Hope everything works out for you.


----------



## Fireface

Thanks for your reply but I forgot to mention that nothing appears on my screen. My display stay on save mode (orange color led).


----------



## Tyree

*Re: 1 long beep 3 short problem.*

One Long and 3 Short Beeps refer to a RAM problem for AMI Bios.
The two beeps later indicate a graphics problem.
Remove all the RAM, power on the PC and listen for a repeated single beep from the Mobo speaker. If you hear that beep the Mobo is probably OK.
Brand & Model of CPU-RAM-Graphics-PSU.


----------



## Fireface

After a full search I find out that those beeps means ram or video card problems indeed. I don't know what BIOS version I'm running (AMI etc.) but I really tried to take off the rams and the repeated beeps came up. So as you said MOBO works fine ( I don't know what MOBO is tbh). My standard rams are transcend 2x 1 gb. Though my friend gave me 2 x1 gb apacer rams and I used them fine for about 2 months (used them fine means they fully worked and recognized as 4gb of ram from the system). I also tried use the standard rams in different slots but still same problem. So finally I checked to remove the graphics card from the pc and power it on and still same beeps followed by 2 small beeps. My graphic card is 9800GT on 250 or 512 memory.

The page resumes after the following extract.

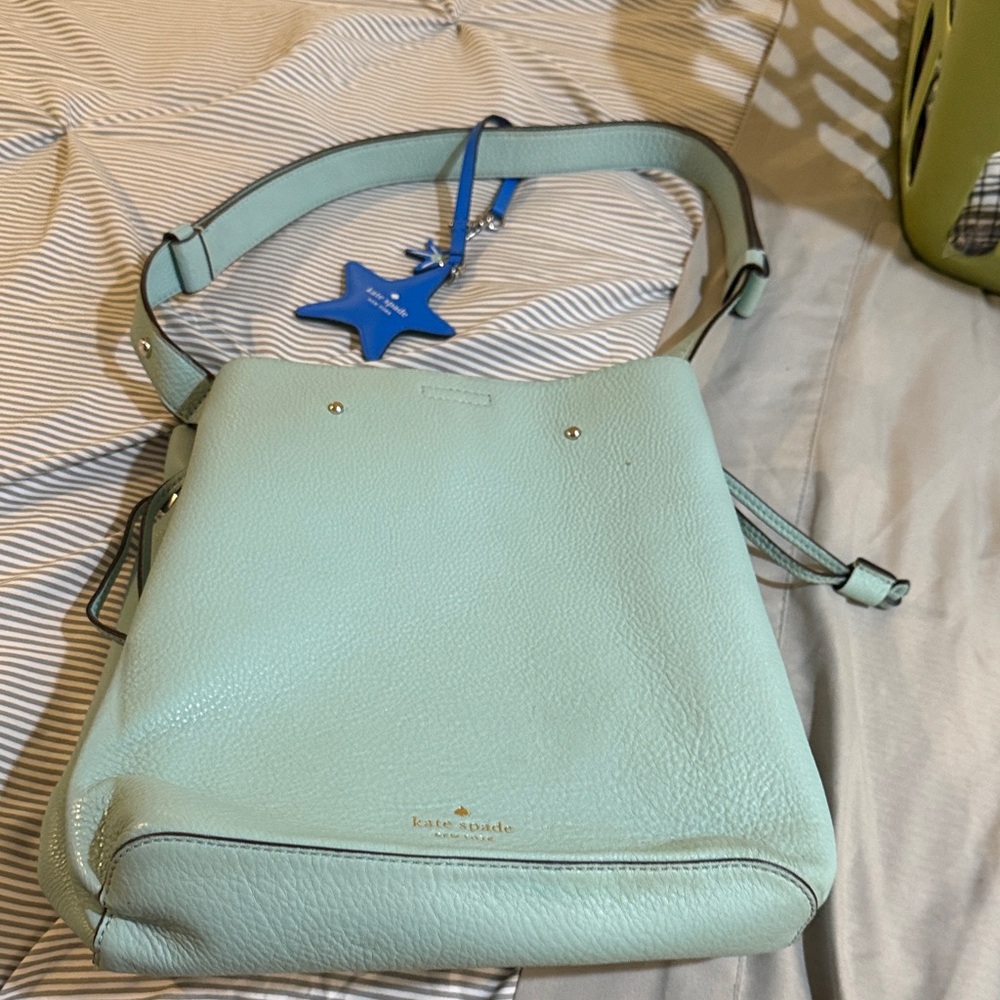 Kate Spade Light Green Crossbody Bag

I figured out that when I'm taking the graphics card out the beeps are made instantly 1 long 3 short and then 2 short. But when the card is on, it takes about 20 secs until the beeps appear.
So I'm pretty sure the problem is the video card. 

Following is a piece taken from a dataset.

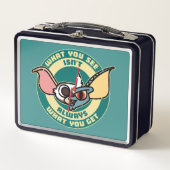 グレムリン |見えるものは必ずしも得るものではない メタルランチボックス (正面)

Though, the fan is working fine. I tried to reseat it and even pushing it more and power on but still fail. 

Plus sometimes when I power on the pc a strange smell coming out but doesn't smell like burn, something more mechanical smell, weird one.

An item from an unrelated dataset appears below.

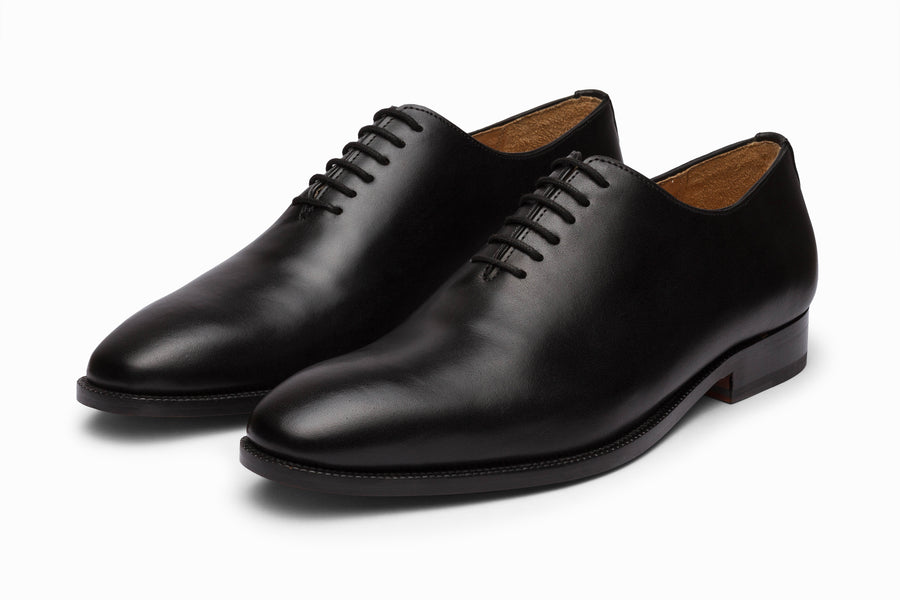 Oxford Dress Shoes Wholecut Black Oxford Cheaney Crowndale Men's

Finally after 1 long 3 short beeps there are 3 short beeps and not 2. And now my pc shuts down after those 3 beeps. So back to RAM problems.


----------



## greenbrucelee

*Re: 1 long beep 3 short problem.*

have you followed the advice above and downloaded memtest 86 to test your ram?

memtest should be run with one stick installed for several passes then swap sticks and run again for several passes.


----------



## Fireface

It doesn't showing anything on the screen mate. How am I supposed to boot a CD. Nothing showing up and my pc sometimes doing 1 long 3 short then 2 short and somtimes 1 long 3 short then 3 short.... *** is going on that's pissing me off :S


----------



## greenbrucelee

*Re: 1 long beep 3 short problem.*

you dont see anything on screen at all.

try a cmos reset.

switch power off at wall do not unplug
open the case a locate the battery
remove the battery
if there are jumpers move the jumper from 1 & 2 to 2 & 3 or clr cmos
press power button
put battery back in
if you moved the jumper then move it back to its original position
put battery back in
close case
switch on at wall
power up.


----------



## Fireface

So I took out the battery and moved a jumper somewhere near the butter to from 1 2 to 2 3. And I wait 5-10 min right?


----------



## Tyree

*Re: 1 long beep 3 short problem.*



Fireface said:


> So I took out the battery and moved a jumper somewhere near the butter to from 1 2 to 2 3. And I wait 5-10 min right?


Correct.
After clearing the CMOS, try booting with one stick of the original RAM.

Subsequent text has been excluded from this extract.